Enfin, les électeurs doivent savoir qu'ils participent, au niveau européen, à une démocratie de négociation et de dosage, non à la démocratie de confrontation et d'exclusion qui caractérise notre système majoritaire. On ne peut à la fois célébrer ce que l'on célèbre depuis le 11 janvier et faire reproche à la gauche, au centre et à la droite modérée de négocier des solutions de compromis fidèles aux assises de la société.

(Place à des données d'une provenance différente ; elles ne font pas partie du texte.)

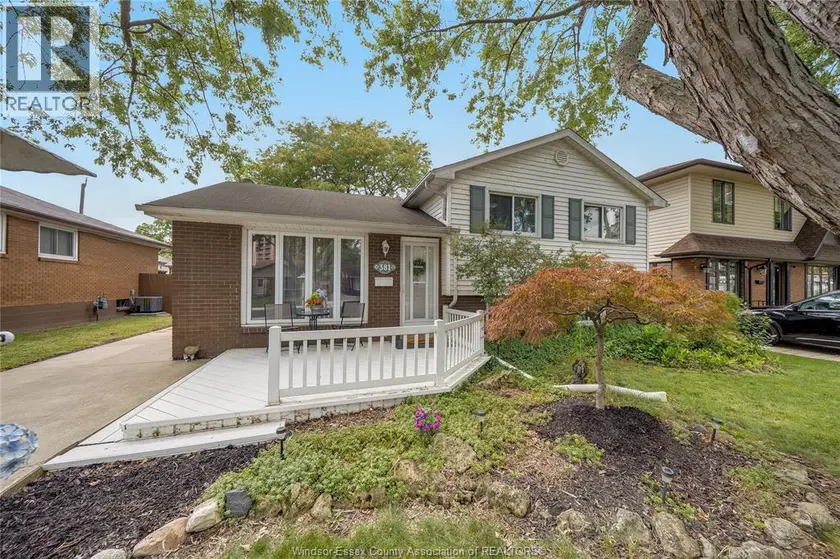 Detached at 381 CARLING, Windsor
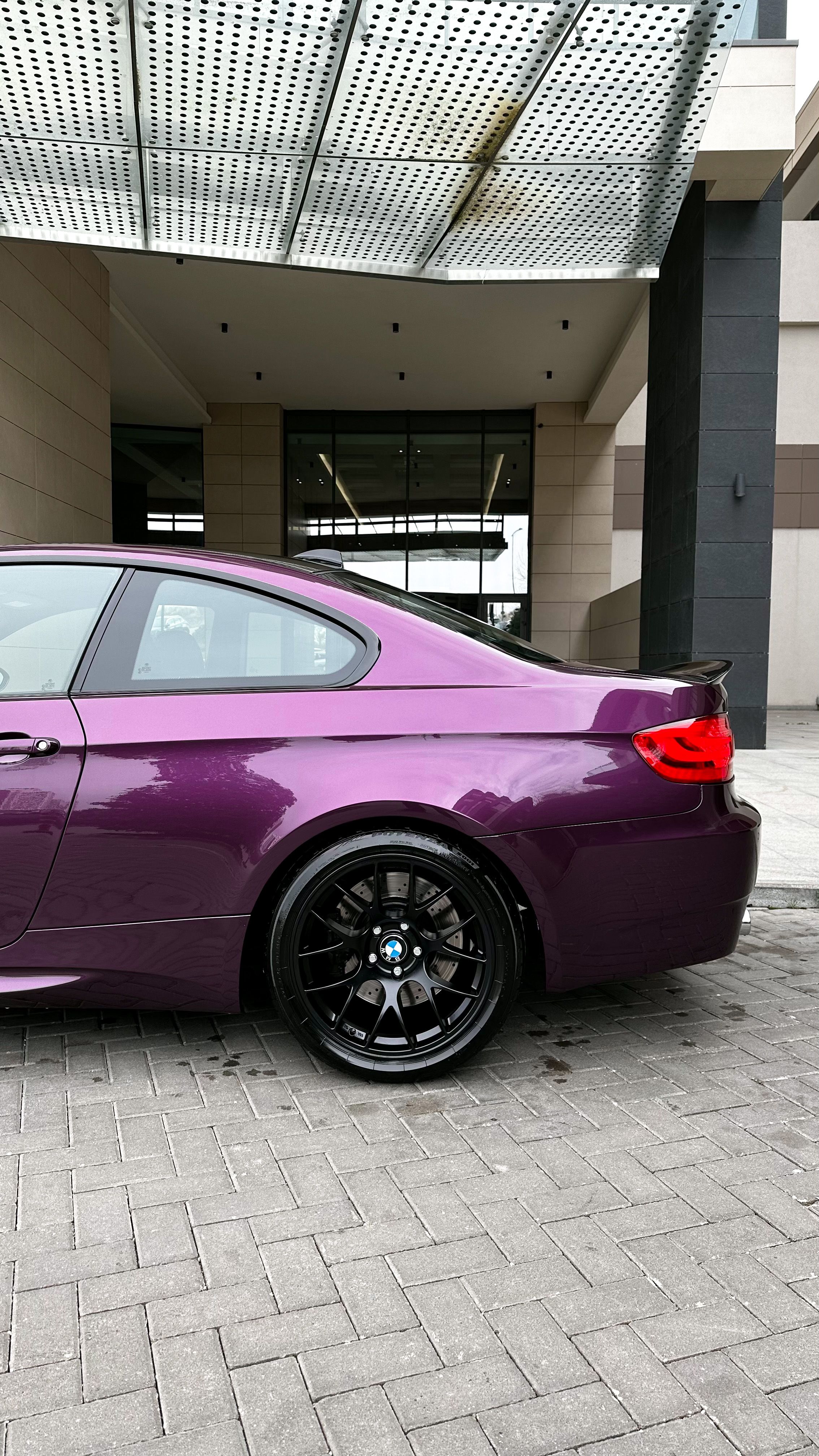 Purple BMW E92 Coupe M3 with 18" EC-7 Apex wheels in Satin Black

La dualité des projets recouvre, c'est sans doute là le vrai problème, une dualité institutionnelle. En réalité, deux Europe coexistent. La première est l'Europe du marché commun, laquelle évolue vers une communauté politique – que certains voudraient fédérale – ou, en tout cas, vers la mise en commun de politiques qui dépassent le seul domaine monétaire, la crise de l'euro ayant montré la nécessité d'une politique active, solidaire et harmonisée au sein de la zone. L'autre Europe est celle de l'Association européenne de libre-échange, l'AELE, dont la capitale est Londres. La coexistence de ces deux Europe est intellectuellement possible, et elle serait même utile. La sortie du Royaume-Uni de l'Union serait une très mauvaise nouvelle – notamment au vu de nos responsabilités extérieures –, mais il est tout à fait possible de combiner une Europe élargie, communauté juridique de libre circulation et d'échange, avec une autre plus politique et plus volontaire au sein de la zone euro ; cette solution se heurte toutefois à des difficultés considérables, car les institutions que l'Europe restreinte voudrait approfondir sont l'apanage de l'Europe élargie. Il faudrait également doter la zone euro d'institutions renforcées, sans doute d'un responsable gouvernemental unique pleinement dédié à cette tâche et d'une assemblée parlementaire que, pour ma part, j'imagine composée de représentants des commissions des finances des parlements nationaux et des deux commissions compétentes du Parlement européen. Or les Britanniques, les souverainistes et les exécutifs nationaux ne veulent pas de cette solution, non plus d'ailleurs que les responsables des institutions européennes, réticents à l'idée que celles-ci abritent en leur sein des organes à caractère fédéral. Aussi les dernières élections n'ont-elles pas permis de poser la vraie question, à savoir comment donner un prolongement institutionnel et politique à ce saut qualitatif que fut l'Union économique et monétaire. Nous sommes donc dans un entre-deux un peu étrange : alors que, empiriquement, deux tabous ont été levés – l'ingérence réciproque et la solidarité entre les membres –, la question de savoir comment donner à la politique économique et monétaire des assises gouvernementales et démocratiques plus fermes demeure sans réponse.